JEM is one of two main rebel groups that took up arms in February last year, accusing the government of neglect and of arming Arab militias, known as Janjaweed, to loot and burn African villages in a campaign of ethnic cleansing.

The government denies the charge and says the Janjaweed are outlaws.

JEM Secretary-General Bahar Idriss Abu Garda said the governor’s statement was “totally wrong”.

“What happened actually is the government rented six cars from the civilians inside Chad and they brought some people from inside Chad and they gave them arms contending they were from JEM,” he told Reuters from Darfur.
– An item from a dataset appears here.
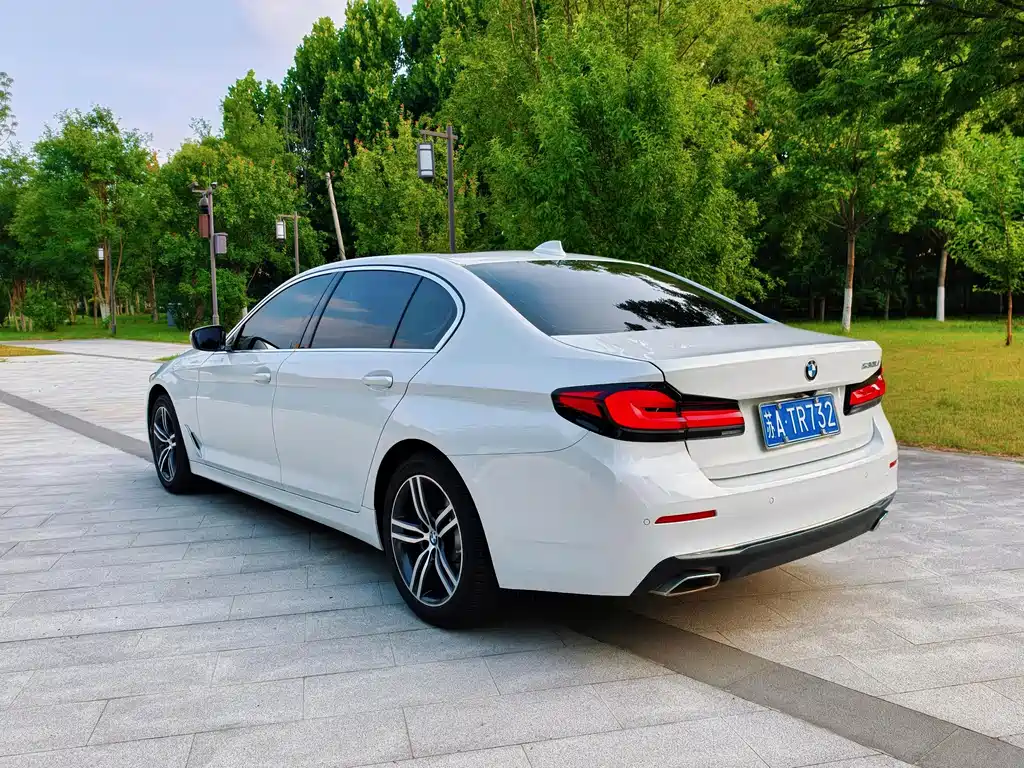 BMW 5 Series 2021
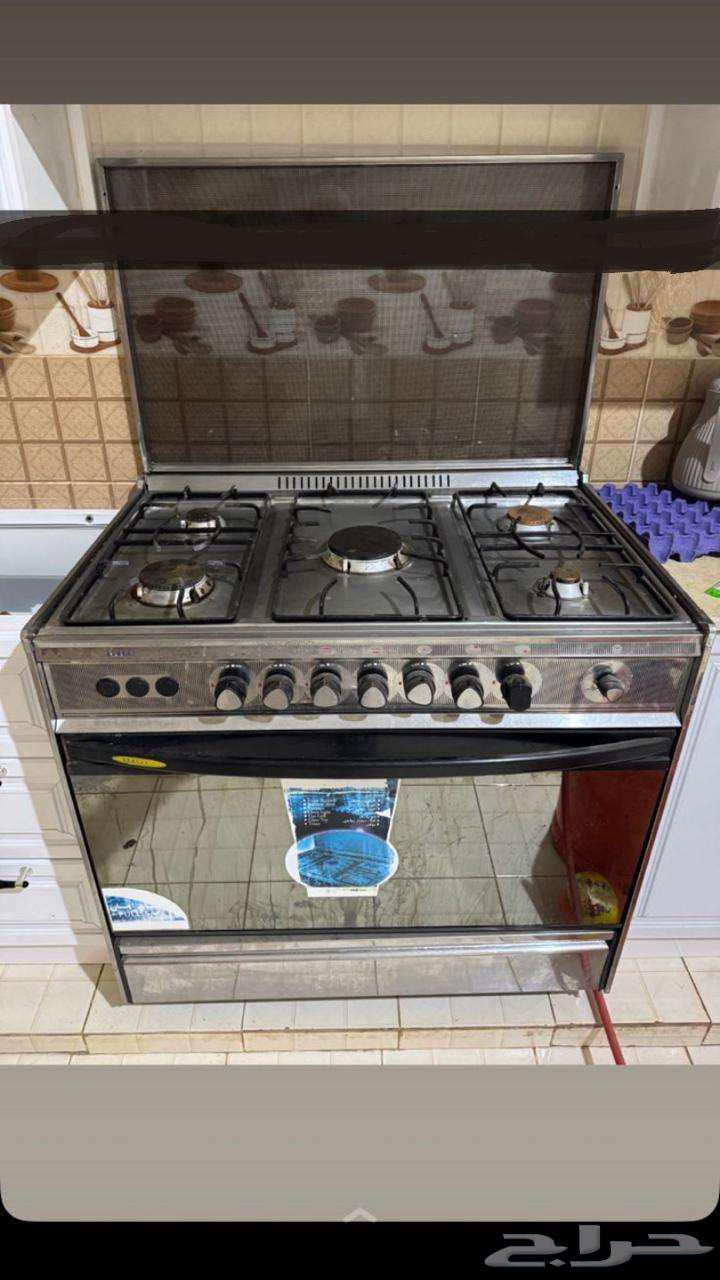 فرن للبيع نظيف وله حق التجربه64554788337537110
Abu Garda also accused the government of joint attacks with Janjaweed on civilians and rebel troops in violation of a ceasefire signed by both parties in early April.

“They killed 30 people, they burned eight villages and they attacked our troops (four days ago).” He added the fighting was in an area near Nyala, the capital of Southern Darfur state.

Both rebels and the government have accused each other of violating the April ceasefire.

Ben Parker, spokesman for the U.N. humanitarian coordinator in Sudan, said the conflict had probably claimed about 50,000 victims, although it was difficult to obtain exact numbers in Darfur, which is the size of France.

A U.N. investigator said on Friday the Sudanese government was largely to blame for the Darfur humanitarian crisis and Khartoum’s responsibility for large numbers of killings in the region was beyond doubt.

Ismail said the Sudanese advisory council for human rights would reply to the investigator’s report in due course.